Karşı takım servis kullandı oyun bayağı bir döndü.Ardından muhteşem bir atak yaptı karşı takım.Defans yapamamıştık bir arkadaşımın manşetinden top sekince bende topa doğru bir çita gibi koşmaya başladım.Topu kurtarmıştım ancak hızımı alamayıp banka girmiştim.BAM!En azından sayıyı biz alarak maçı kazanmıştık!

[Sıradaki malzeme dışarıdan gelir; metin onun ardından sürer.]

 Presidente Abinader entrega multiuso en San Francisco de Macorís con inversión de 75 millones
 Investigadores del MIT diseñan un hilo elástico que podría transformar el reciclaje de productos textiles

Acı içinde yerde kıvranırken takım arkadaşlarım hemen sağlık ekiplerini çağırmışlardı.Ağzım inanılmaz bir şekilde kanıyordu ve parmağım çok kötü acıyordu.Çünkü banka dik bir şekilde girmiştim ve parmağım çok kötüydü.Sağlık görevlisi bir kaç bir şey yaptıktan sonra antrenörüm bu maçı bana armağan etmişti.Sağlık görevlisi bir şeyim olmadığını söylemişti.Sadece dinlenmem ve 2 gün pek hareket etmem gerektiğini söylemişti.
Gözüm Ateş ve Arkadaşlarına kaydığında şok içindelerdi ilk defa bu kadar şok olduklarına yemin edebilirim ama kanıtlayamam.Bir erkeğin doğurduğunu görmüş gibiydiler.Ardından sağlık görevlisi bana bir soru sordu."Aileniz ile konuşmam gerek."öylesine kalakalmıştım.Derken muhteşem üçlü yanımda belirdiler.